If you’re: Wondering how Hillary Clinton would be doing if she were fighting for her second term.
Watch: Catch up on Political Animals
Why: I’m sorry we’re only getting one installment of the USA Network miniseries. But Sigourney Weaver is great as Elaine Barrish, a former First Lady who lost her shot at the Presidency to a younger, hipper flavor of candidate, then swallowed her pride, went to work in his administration, and dumped her husband’s cheating ass. Silly? Sure. But that doesn’t mean it’s not brain candy.
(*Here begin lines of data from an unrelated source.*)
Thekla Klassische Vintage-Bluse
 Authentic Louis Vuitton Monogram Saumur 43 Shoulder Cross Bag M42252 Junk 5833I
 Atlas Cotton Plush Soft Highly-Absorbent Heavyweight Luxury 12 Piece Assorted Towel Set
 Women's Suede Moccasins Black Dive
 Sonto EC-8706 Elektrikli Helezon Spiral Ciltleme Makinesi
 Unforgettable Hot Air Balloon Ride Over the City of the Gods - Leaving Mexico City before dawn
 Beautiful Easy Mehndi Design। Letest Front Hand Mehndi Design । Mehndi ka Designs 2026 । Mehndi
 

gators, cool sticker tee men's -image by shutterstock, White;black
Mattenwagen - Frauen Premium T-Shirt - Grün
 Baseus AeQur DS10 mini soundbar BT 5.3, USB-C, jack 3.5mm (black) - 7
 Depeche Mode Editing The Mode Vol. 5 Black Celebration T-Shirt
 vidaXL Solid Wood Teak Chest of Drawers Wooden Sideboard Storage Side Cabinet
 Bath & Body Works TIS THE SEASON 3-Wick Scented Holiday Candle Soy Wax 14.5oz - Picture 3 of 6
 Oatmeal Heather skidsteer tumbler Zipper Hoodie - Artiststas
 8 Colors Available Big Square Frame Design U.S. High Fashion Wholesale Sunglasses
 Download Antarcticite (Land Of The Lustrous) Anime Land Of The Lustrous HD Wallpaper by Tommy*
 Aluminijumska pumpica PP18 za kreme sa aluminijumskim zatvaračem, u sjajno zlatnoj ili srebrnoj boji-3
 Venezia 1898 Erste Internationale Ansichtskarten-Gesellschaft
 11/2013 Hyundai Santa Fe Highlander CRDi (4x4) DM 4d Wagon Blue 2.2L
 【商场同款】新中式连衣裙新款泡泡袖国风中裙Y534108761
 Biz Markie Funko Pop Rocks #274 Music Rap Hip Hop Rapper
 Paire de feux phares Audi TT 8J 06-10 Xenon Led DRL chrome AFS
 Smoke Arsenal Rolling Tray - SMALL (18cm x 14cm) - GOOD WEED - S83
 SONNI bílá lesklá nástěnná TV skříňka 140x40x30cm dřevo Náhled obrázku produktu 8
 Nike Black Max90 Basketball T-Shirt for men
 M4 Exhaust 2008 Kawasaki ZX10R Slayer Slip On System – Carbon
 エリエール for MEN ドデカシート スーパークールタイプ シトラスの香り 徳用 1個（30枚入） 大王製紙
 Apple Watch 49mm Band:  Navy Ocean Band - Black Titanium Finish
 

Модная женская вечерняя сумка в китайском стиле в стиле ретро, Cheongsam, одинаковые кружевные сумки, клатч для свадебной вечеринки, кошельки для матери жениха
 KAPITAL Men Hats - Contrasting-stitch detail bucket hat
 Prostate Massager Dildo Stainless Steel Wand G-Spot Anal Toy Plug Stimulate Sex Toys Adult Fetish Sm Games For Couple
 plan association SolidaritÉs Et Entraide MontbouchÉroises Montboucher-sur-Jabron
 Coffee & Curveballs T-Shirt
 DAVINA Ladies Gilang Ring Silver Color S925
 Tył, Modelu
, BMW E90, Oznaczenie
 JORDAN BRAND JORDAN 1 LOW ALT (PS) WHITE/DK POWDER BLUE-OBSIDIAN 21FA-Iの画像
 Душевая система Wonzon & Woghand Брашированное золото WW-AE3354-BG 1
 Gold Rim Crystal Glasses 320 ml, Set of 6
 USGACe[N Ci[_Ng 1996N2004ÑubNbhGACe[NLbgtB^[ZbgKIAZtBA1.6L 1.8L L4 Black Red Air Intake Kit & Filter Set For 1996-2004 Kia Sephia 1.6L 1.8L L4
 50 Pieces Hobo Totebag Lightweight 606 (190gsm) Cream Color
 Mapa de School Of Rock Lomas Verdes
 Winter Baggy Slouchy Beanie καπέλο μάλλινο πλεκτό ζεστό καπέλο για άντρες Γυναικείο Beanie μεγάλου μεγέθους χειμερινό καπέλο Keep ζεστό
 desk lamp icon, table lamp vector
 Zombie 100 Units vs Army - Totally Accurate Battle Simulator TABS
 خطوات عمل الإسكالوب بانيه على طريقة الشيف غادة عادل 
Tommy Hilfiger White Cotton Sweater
If you’re: More worried about Congress than the Presidential election
Watch: Wait until Friday and see Lincoln
Why: At its best, it’s an incredibly impressive, funny movie about what it takes to get ephochal legislation passed, with, among other amazing bits of casting, John Hawkes and Jame Spader as the first lobbyists. And as brilliant, hardline Republican Thaddeus Stevens, Tommy Lee Jones will make you wish that the House of Representatives was both less civil and much, much more articulate.

Mandates, Minorities, And The Way Washington Talks About Politics

It’s hard to think of a clearer distillation of some strains of establishment thinking, and the way the publication that published these paragraphs–Politico–manifests it than this section of a premortem on the results of today’s election:

If President Barack Obama wins, he will be the popular choice of Hispanics, African-Americans, single women and highly educated urban whites. That’s what the polling has consistently shown in the final days of the campaign. It looks more likely than not that he will lose independents, and it’s possible he will get a lower percentage of white voters than George W. Bush got of Hispanic voters in 2000.

A broad mandate this is not. The pressure on Obama to deliver for this liberal base will be powerful. Already, top left-wing groups are pressuring him not to buckle on a grand bargain that includes any entitlement cuts.

Remember, folks: white men are the default, the baseline, a representation of political neutrality. The interests that are attributed to them–or you, if you’re one of the great white guys who read this blog–stand in for a fictional consensus, rather than being understood as a product of demographics, economics, and social circumstances that demand interrogation. Women and people of color, not to mention LGBT people and people with disabilities? We’re special interest groups. When we demand that our needs be met by our government, our interests are suspect, sinister. And it couldn’t possibly be that we share interests across our demographics, or even with those white men, that could provide a mandate for President Obama on certain issues.

It may be true that there is not a broad mandate, defined on these terms, to put a serious push behind improving the employment rate of people with disabilities, or to include transgender people in the Employment Non-Discrimination Act, or to combat racial profiling. And the fact that different sections of the electorate have different urgent needs may mean that President Obama, if he is reelected today, is handed the inverse of a clear mandate for one or two policy priorities beyond the obvious need to create jobs and continue the economic recovery: a broad portfolio of issues his supporters need him to deal with. That broad set of needs may be difficult to meet, if only because of an unfortunate incentive structure in our political system that makes it easy to score points by blocking aid to so-called special interests, as long as those interests have to scrape up collective power to be heard at all. But those issues are not rendered illegitimate because someone needs them. The needs or wants of corporations, or white men in the Heartland, are not more value-neutral than the needs of poor people, or people with disabilities, or transgender people, or women. And it would be delightful for publications that want to play a significant role in defining the Washington conversation to push back against the idea that the support of white men is somehow necessary to validate those needs, to perform the alchemy that transforms them from special interests into mandates.